What this task involves:
Please repeat the lines below exactly. Begin with the line containing "Flyer Gotour 7.12" and go on through the line containing "Transportna kolica za".

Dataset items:
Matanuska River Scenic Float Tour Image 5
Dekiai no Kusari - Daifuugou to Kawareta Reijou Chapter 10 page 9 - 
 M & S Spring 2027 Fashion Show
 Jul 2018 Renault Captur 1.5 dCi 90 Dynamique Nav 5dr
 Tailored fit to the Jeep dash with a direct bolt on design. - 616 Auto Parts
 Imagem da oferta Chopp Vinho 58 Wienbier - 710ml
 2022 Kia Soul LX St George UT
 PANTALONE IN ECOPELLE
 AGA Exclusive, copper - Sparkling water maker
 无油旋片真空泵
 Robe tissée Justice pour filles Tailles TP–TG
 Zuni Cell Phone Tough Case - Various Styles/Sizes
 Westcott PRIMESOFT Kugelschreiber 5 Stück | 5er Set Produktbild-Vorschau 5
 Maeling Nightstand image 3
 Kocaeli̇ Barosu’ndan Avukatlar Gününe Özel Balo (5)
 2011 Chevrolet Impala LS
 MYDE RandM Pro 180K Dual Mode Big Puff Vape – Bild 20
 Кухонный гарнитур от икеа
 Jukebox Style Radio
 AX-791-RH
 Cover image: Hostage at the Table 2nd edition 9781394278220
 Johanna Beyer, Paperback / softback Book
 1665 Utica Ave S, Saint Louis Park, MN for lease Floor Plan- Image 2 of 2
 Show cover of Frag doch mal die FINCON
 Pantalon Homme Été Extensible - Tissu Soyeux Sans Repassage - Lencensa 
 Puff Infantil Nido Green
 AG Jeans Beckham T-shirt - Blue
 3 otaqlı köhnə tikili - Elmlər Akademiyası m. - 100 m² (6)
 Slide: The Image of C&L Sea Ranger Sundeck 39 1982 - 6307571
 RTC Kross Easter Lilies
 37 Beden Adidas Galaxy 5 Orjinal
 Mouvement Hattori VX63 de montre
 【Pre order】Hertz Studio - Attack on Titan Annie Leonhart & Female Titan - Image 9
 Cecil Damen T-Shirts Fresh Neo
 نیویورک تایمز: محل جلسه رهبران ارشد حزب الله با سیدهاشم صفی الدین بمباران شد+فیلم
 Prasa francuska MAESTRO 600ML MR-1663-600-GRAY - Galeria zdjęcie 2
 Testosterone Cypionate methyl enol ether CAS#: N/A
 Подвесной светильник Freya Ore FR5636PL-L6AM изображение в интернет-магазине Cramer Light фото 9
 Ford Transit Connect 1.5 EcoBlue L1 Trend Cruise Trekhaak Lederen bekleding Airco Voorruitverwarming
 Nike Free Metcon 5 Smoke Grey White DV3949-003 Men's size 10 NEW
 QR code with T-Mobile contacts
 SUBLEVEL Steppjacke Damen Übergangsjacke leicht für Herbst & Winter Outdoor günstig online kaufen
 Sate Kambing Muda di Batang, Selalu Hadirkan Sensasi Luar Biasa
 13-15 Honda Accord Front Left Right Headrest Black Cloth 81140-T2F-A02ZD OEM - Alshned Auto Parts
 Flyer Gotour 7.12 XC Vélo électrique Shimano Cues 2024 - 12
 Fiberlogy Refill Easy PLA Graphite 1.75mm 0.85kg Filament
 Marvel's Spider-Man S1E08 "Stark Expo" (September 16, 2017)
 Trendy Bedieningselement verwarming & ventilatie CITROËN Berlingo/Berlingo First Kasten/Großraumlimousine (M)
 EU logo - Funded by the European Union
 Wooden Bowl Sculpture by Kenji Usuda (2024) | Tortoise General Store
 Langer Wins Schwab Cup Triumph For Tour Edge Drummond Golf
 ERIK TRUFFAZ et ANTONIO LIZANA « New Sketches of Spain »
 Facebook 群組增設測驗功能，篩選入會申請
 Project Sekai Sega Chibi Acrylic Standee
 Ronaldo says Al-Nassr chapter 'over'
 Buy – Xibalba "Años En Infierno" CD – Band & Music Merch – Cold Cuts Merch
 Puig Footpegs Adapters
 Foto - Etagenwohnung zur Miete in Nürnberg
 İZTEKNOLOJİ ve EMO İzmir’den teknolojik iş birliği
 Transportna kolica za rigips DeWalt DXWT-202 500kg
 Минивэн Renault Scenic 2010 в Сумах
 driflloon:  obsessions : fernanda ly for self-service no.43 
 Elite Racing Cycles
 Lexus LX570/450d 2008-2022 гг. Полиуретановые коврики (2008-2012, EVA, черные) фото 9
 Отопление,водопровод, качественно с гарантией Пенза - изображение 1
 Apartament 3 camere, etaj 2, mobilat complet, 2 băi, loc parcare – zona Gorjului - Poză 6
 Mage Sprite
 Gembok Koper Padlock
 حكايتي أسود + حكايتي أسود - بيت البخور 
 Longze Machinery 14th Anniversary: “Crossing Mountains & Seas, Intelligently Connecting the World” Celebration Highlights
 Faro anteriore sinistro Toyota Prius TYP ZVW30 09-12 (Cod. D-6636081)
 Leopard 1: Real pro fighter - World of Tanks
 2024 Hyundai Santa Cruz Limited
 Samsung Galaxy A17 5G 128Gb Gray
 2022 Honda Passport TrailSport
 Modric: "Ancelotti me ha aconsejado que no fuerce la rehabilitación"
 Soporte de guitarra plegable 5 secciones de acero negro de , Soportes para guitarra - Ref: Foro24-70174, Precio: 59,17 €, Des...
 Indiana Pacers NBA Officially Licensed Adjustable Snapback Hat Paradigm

Solution to the exercise:
 Flyer Gotour 7.12 XC Vélo électrique Shimano Cues 2024 - 12
 Fiberlogy Refill Easy PLA Graphite 1.75mm 0.85kg Filament
 Marvel's Spider-Man S1E08 "Stark Expo" (September 16, 2017)
 Trendy Bedieningselement verwarming & ventilatie CITROËN Berlingo/Berlingo First Kasten/Großraumlimousine (M)
 EU logo - Funded by the European Union
 Wooden Bowl Sculpture by Kenji Usuda (2024) | Tortoise General Store
 Langer Wins Schwab Cup Triumph For Tour Edge Drummond Golf
 ERIK TRUFFAZ et ANTONIO LIZANA « New Sketches of Spain »
 Facebook 群組增設測驗功能，篩選入會申請
 Project Sekai Sega Chibi Acrylic Standee
 Ronaldo says Al-Nassr chapter 'over'
 Buy – Xibalba "Años En Infierno" CD – Band & Music Merch – Cold Cuts Merch
 Puig Footpegs Adapters
 Foto - Etagenwohnung zur Miete in Nürnberg
 İZTEKNOLOJİ ve EMO İzmir’den teknolojik iş birliği
 Transportna kolica za rigips DeWalt DXWT-202 500kg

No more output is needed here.